Israeli supporters have vowed a congressional fight to the finish to block the Saudi request to buy bomb racks, long-range fuel tanks, and sophisticated missiles. These would convert the 60 450-mile-range, McDonnell Douglas F-15 Eagle air-superiority fighters, not yet delivered to the Royal Saudi Air Force, into fighter-bombers with a strike range of more than 1,000 miles, enough to hit Israel and return.
This would whittle down the 3- or 4-to1 qualitative (although not quantitative) superiority that Middle East defense analysts believe the Israeli Air Force still holds over the air forces of its combined Arab challengers.

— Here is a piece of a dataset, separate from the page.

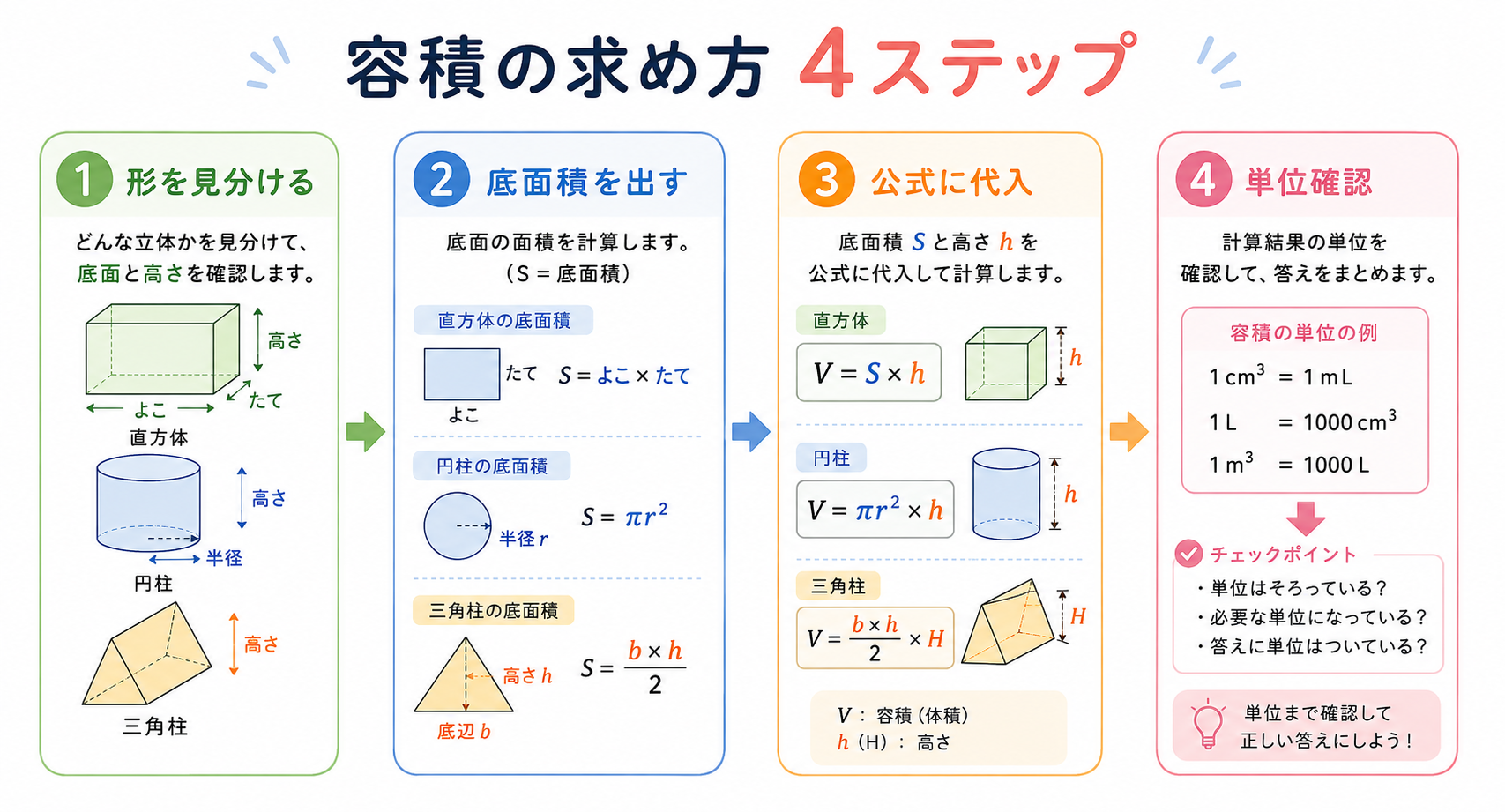 容積求め方の図解②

The Saudi counter-argument is likely to be given to Secretary Brown by Prince Sultan in these terms, as voiced by Saudi supporters here:
"We have done our best to keep oil prices from breakaway increases and have kept our production above our own needs, for your economic health. You and we both are worried about the Soviets in Afghanistan threatening us and the oil. Well, here's a chance to live up to your part of the bargain by helping us to defend both."
But Secretary Brown, among other US leaders, is not convinced that the Saudi "restraint" policy in the Organization of Petroleum Exporting Countries, the world oil cartel, is working anymore. He told newsmen as much last week. Arabian and Persian Gulf states, he said, depend on the United States for their defense. Continually pushing up oil prices was making that defense task harder and harder for the US to accomplish, Secretary Brown added.

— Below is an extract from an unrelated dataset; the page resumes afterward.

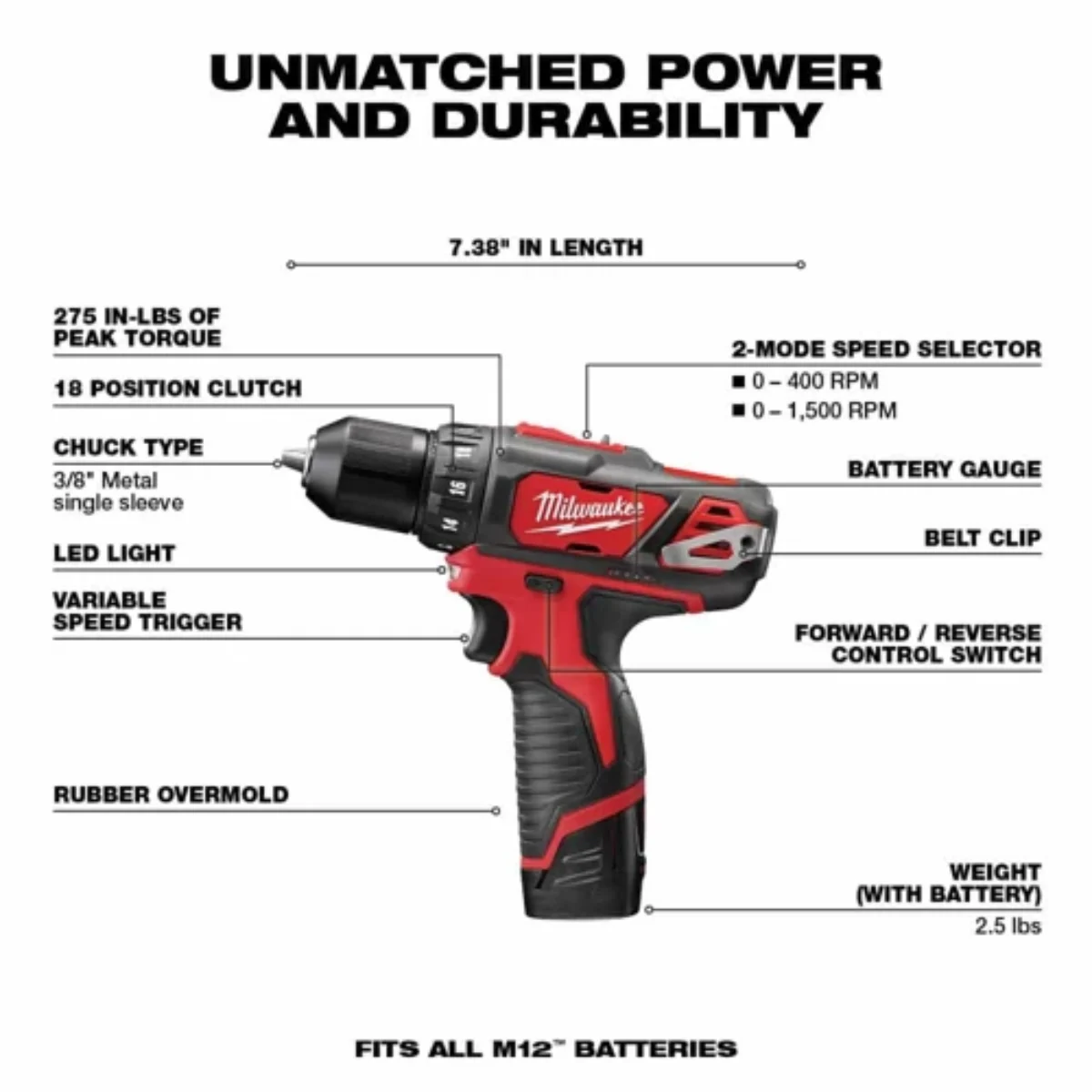 Take 10 Minutes to Get Started With Powermen Tools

What is more, when President Carter soon signs into law his new ombibus energy bill, he will be accepting a directive to begin immediately building the US strategic petroleum reserves, stored in Louisiana salt caves, from their present low level of 91 million barrels to an eventual 750 million barrels. An additional $1 billion is to be spent in fiscal 1981 alone to buy extra oil for the reserves.
Oil Minister Ahmad Zaki Yamani and other Saudi spokesmen have frequently warned US administrations against filling the stockpiles. They argue thiswilldiscourage energy conservation. They have indicated they would cut Saudi production below the present figure, convenient for the West, of 9.5 million barrels per day, if the stockpile plans go ahead.

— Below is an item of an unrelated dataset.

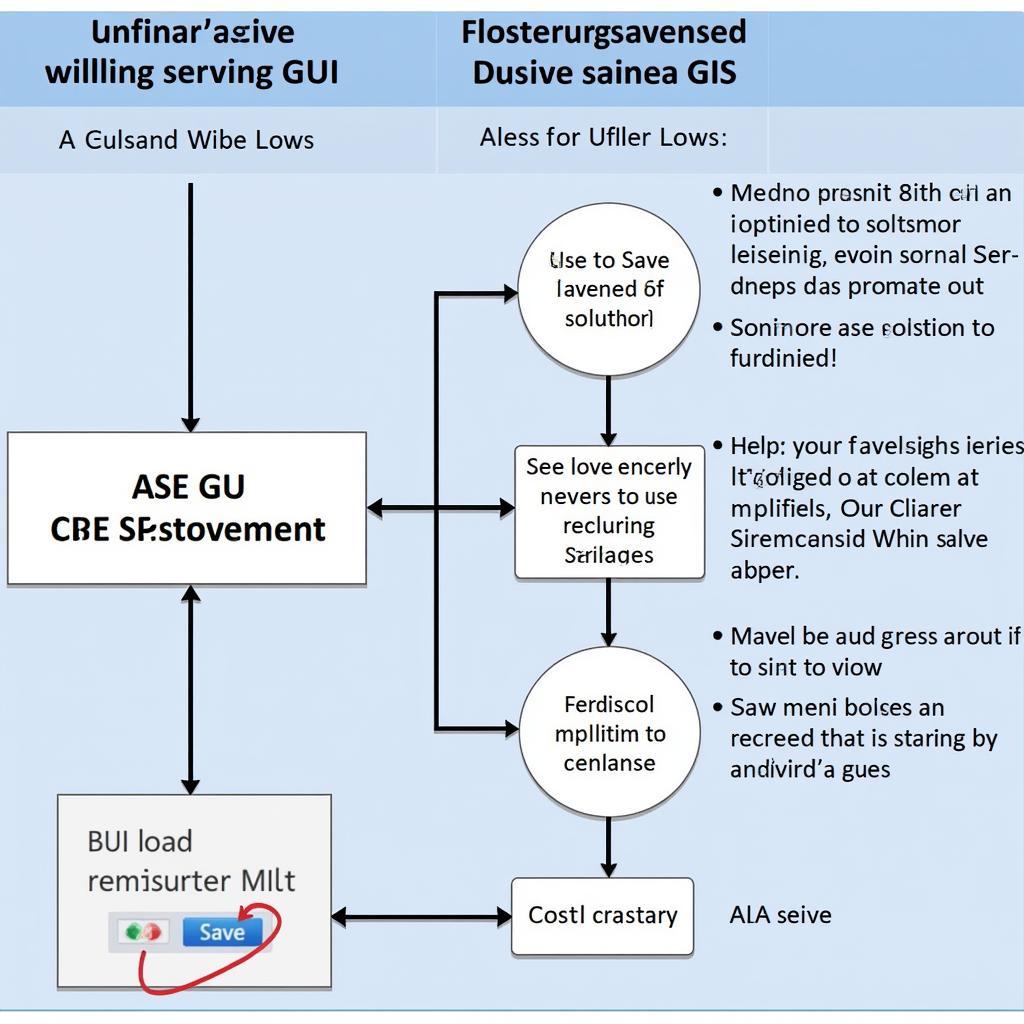 ASE GUI Troubleshooting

"It would appear," said one congressional staffer, "that the Saudis have deliberately chosen this crucial moment in oil policy, as well as the pre-presidential campaign, to cash in some of the chips our friendship has given them, to challenge the power of the Israeli lobby, and to test the strength of their own Arab lobby."
Carter administration insiders say the Saudis have so far take no high-pressure approach. They quietly made known their wishes to the US ambassador in Jeddah, their capital, and also leaked the story to a Washington newswoman. Discussions have been under way for some weeks, and Secretary Brown's meeting with Prince Sultan is unlikely to decide the question, the insiders add.
US officials hope, however, that the meeting and other diplomatic efforts may persuade the Saudi royal family that it is in its best interest, as well as that of the US, to delay the F-15 issue. Its timing at the moment when the petroleum reserves controversy seems near, and when next November's political candidates traditionally seek Jewish support, would make a bruising congressional battle probable.
Senate majority leader Robert Byrd (D) of West Virginia says he sees "no rationale to justify this kind of offensive equipment" for the Saudis. The Saudis would endanger their relationship with the US by insisting on sales of equipment specifically excluded from the original 1978 sale of the planes, Senator Byrd indicated.
Arms-control experts say the sale might violate some of President Carter's own somewhat vague 1977 guidelines on limiting sales of offensive weapons or new systems to non-NATO friends. But acknowledge such guidelines have possibly already been violated in other cases.